The language of physics is mathematics. This is not just a thing we tell ourselves, but is a basic fact that separates the physical sciences from the social sciences. Although we may speak and write about physics using a spoken and written language (English, in this case), this is just for descriptive convenience. Anytime we actually want to do anything with physics, we have to cast it into mathematics. Part of this is a desire for precision - if I say "the acceleration due to gravity is 9.81 m/s\(^2\)", I know exactly how precise that number is (typically we assume the uncertainty is in the last decimal point, so that implies \( \pm 0.01~m/s^2\) on that nunber). However, it's also a necessicity, since no amount of words can actually be used to exactly describe any physical law, since words don't inherently have precise meaning. Take even the most basic of physical laws - Newton's first law "An object in motion remains in motion until acted on by an external force." What is "motion"? What is "being acted on"? What is "force"? No amount of language is going to answer these questions, only mathematics is going to give us careful definitions of these concepts^{1}.

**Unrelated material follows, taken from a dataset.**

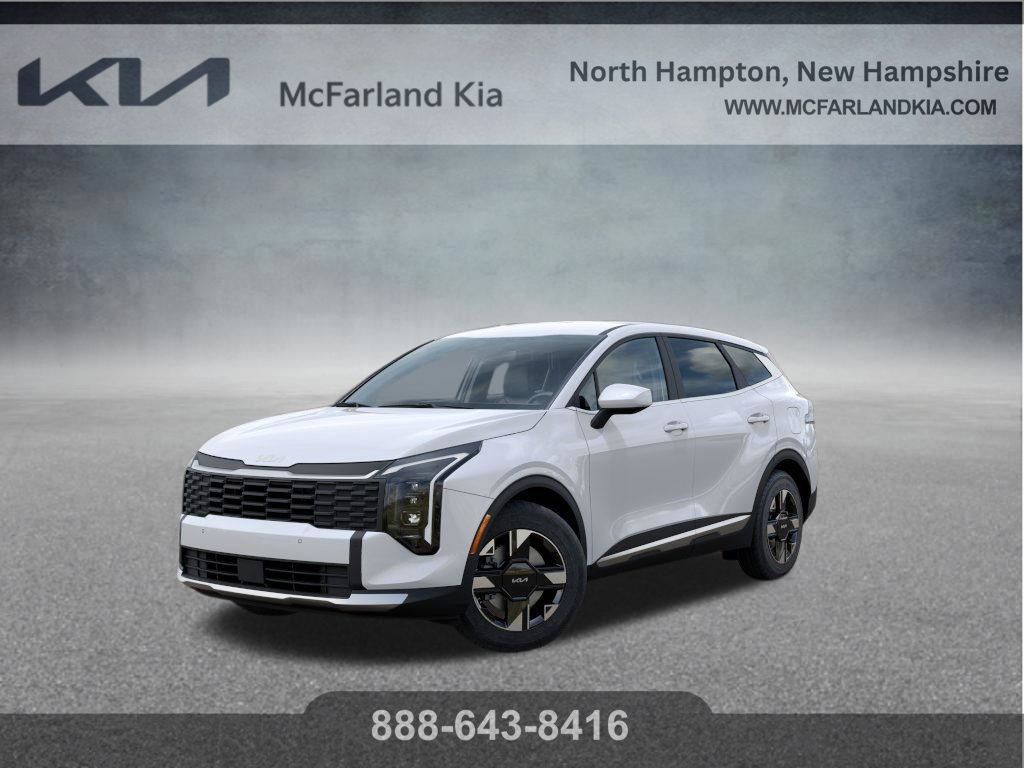 2026 Kia Sportage SUV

So, once we are convinced that we need to use mathematics to do physics, we know that we need to understand how to associate physics quantities ("mass", "speed", "force") with mathematical variables. In some cases, this is very easy - for example, the temperature of something is just a number, call it \(T\). Or the mass of something is a number \(m\). Single numbers are called **scalars**. Sometimes these numbers have constraints on them that come from reality - for example, mass must be positive, and temperature has a minimum value (absolute zero). But there are also quantities which need more than just a single variable, or additional conditions on that variable - they actually must carry more information. The most important of these are **vectors**, which carry both a number (the *magnitude*, or length of the vector), and a *direction*.

The length of a vector is a pretty straightforward idea - vectors are arrows, and the size of the arrow is the length. But direction is a little bit more confusing, because it can be specified in several different ways. For example, I can be driving at a speed of 32 mph, in the direction "north". Or maybe in the direction "towards you", or "90\(^{\circ}\) from East". Because of this uncertainty, we will often choose to represent vectors *using components* - that is, an \(xy\)-Cartesian coordinate system. Of course, this coordinate system is something we created out of thin air to help us solve the problem, so which coordinate system we pick should not influence our calculation in the slightest.

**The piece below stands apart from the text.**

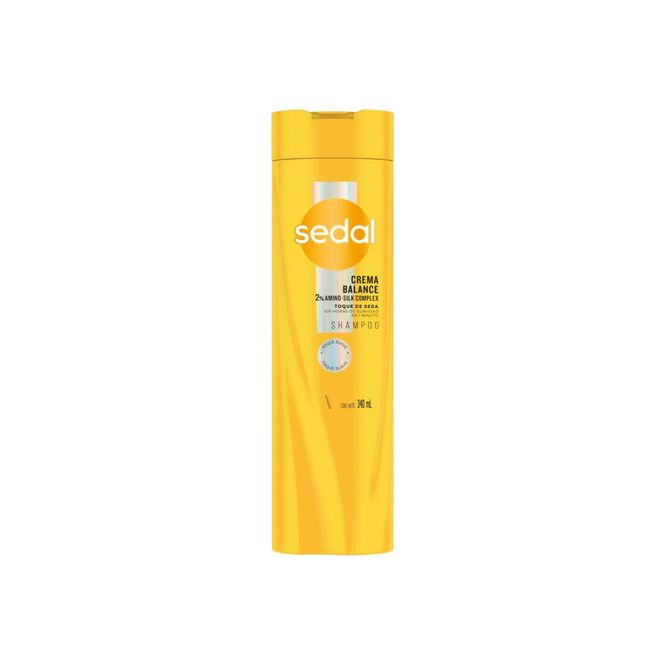 Shampoo crema y balance Sedal 340 ml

For a concrete example, consider a vector of length 5, that is pointed \(45^{\circ}\) above the horizontal. We can choose to represent this vector in a number of ways. In a coordinate system fixed to the horizontal, the vector has components

\[v_x=5\cos(45)\simeq 3.53, v_y=5\sin(45)\simeq 3.53.\]

Alternatively, if you pick a coordinate system with the x-axis along the vector itself, the components would be

\[v_x=5, v_y=0.\]

In some cases one of these might be preferable to the other, but there is something important here: __ although the coordinate representation changed, the magnitude and direction did not__. No choice of coordinate system can change the magnitude and direction of a physical variable like a vector, because coordinates are just helping tools to do physics.

There is one last point to make about vectors in coordinate systems, which is summed up by the last figure: performing mathematics like addition on vectors means the same mathematics applies to the components. This makes working with components very convenient - we don't actually need to go around making pictures of arrows and measuring them, we can just use the components and get the results algebraically.

^{1}If you're interested, the mathematical statement of Newton's first law is something like "\( \vec{a}=0 \supset \Sigma \vec{F}_{ext}=0\)", using the symbol \(\supset\) for "if".